The task is complicated by the fact that, like Australia, BC anticipates demand for energy to soar by up to 45 per cent over the next 20 years. So in 2007, it implemented a couple of hard and fast rules to meet what it calls the “hydro gap” of nearly 30,000 gigawatt hours of electricity by 2025 – two thirds of that demand will be met through energy efficiency measures and energy conservation, while renewables will account for 93 per cent of new energy build.
 
Janice Larson, the director of renewable energy development at the province’s Ministry of Energy, Mines and Petroleum Resources, explained the strategy in a presentation at the EcoGen conference in Sydney last October. She said the province is implementing ambitious green building codes and fuel efficiency standards, and is also looking at direct funding and large-scale feed-in tariffs to encourage the exploitation of its solar, wind, wave, tidal, and biomass resources, and its active hydrogen cell industry.
 
“The clean energy vision really starts with proactive energy efficiency and conservation, since the cheapest and cleanest energy is the energy you save… and the more you can save, the less new energy you’ll need,” she said. “It seems like a pretty good foundation upon which to develop a clean energy vision.”
 
The carbon tax is revenue neutral, where money raised is returned via tax credits and incentives.

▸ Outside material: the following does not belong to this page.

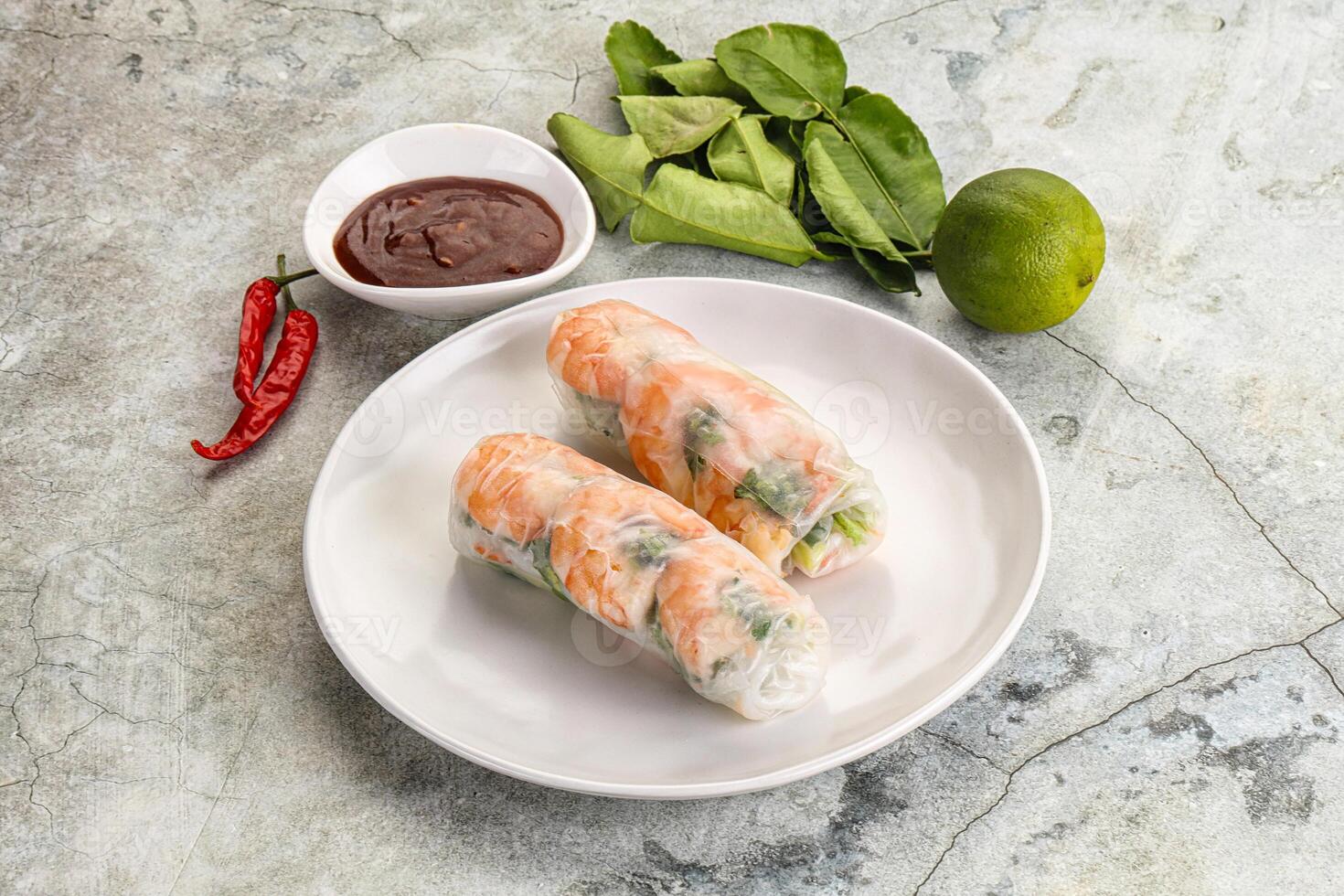 Vietnamese spring roll with prawn photo
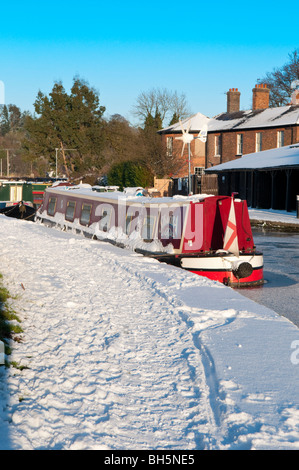 In inverno la neve sul LLangollen Canal a Ellesmere, Shropshire Foto Stock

And BC – a province that, like Australia, has traditionally relied on commodity exports such as pulp and paper, forestry, mining and metallurgical products – now also boasts the world’s third biggest cleantech market, after California and Germany’s Rhine Westphaalia.
 
Larson noted that BC’s cleantech sector (not including hydro) currently employs more than 22,000 people and generates revenues of more than $2.5 billion. “We are looking to the low-carbon economy of the future,” Larson told the EcoGen conference. “We favour proactive policies, we see the the green economy as a local and a global economy, so everyone can and should be part of it.”
 
The point is that BC, which already has the lowest emissions per capita in north America, is still seeking to cut the remaining emissions - centred around transport (36 per cent), fossil fuel extraction (18 per cent), other industry (19 per cent) and buildings (11 per cent) by a third, and is using a carbon price to do so. These are areas that remain largely untouched by Australia's carbon price. It hasn't weakened the BC economy at all, and the province now has a new industrial sector to boast of and to provide jobs.
 
No wonder it is such a scary proposition to the anti-carbon price brigade. And all this from a right-of-centre government. It must be a plot.